Since siRNA-mediated silencing of gremlin1 inhibits activation of HSCs and relieves hepatic fibrosis in vivo, triggering the endogenous regulatory mechanism to silence gremlin1 may be more in line with clinical needs. For this purpose, we identified miR-27b and miR-23b were evidently involved in downregulation of gremlin1 expression in HSCs. Binding of miR-27b and miR-23b to gremlin1 mRNA 3′-UTR led to a marked decrease in gremlin1 expression as well as inhibition of α-SMA, collagen Iα1, Iα2 and TGF-β expression in HSCs. Recent studies have demonstrated that the miR-23b/27b cluster directly downregulates epidermal growth factor receptor and hepatocyte growth factor receptor [36]. It alsoinhibits TGF-β signaling pathway and promotes the BMP-7 signaling pathway through targeting Smad3 and Smad4 [22]. Accordingly, we conclude that the miR-23b/27b cluster inhibits HSC activation by directly binding gremlin1 mRNA and downregulating its expression. It may also negatively regulate Smad3 and Smad4 expression to suppress HSC activation.

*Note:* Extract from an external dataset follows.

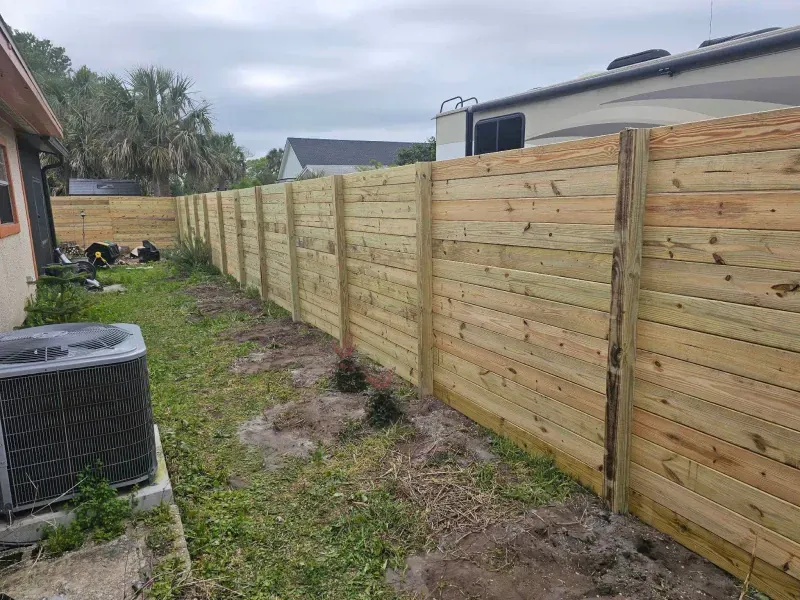 Wooden fence in a backyard, beside a house and RV, on a cloudy day.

In summary, our findings clearly demonstrate that gremlin1 promotes HSC activation and hepatic fibrosis through impairing the balance between BMP-7 and TGF-β1 signaling. The miR-23b/27b cluster suppresses HSC activation by directly binding gremlin1 mRNA 3′-UTR and downregulates gremlin1 expression to correct the imbalance of TGF-β and BMP-7 signal transduction (Figure 6). Data from the current study highlight the utility of the miR-23b/27b cluster as a novel target for manipulation in clinical therapy of hepatic fibrosis.

Schematic representation of suppression of HSC activation through downregulation of gremlin1 expression by the miR-23b/27b.

Figure 6: Schematic representation of suppression of HSC activation through downregulation of gremlin1 expression by the miR-23b/27b.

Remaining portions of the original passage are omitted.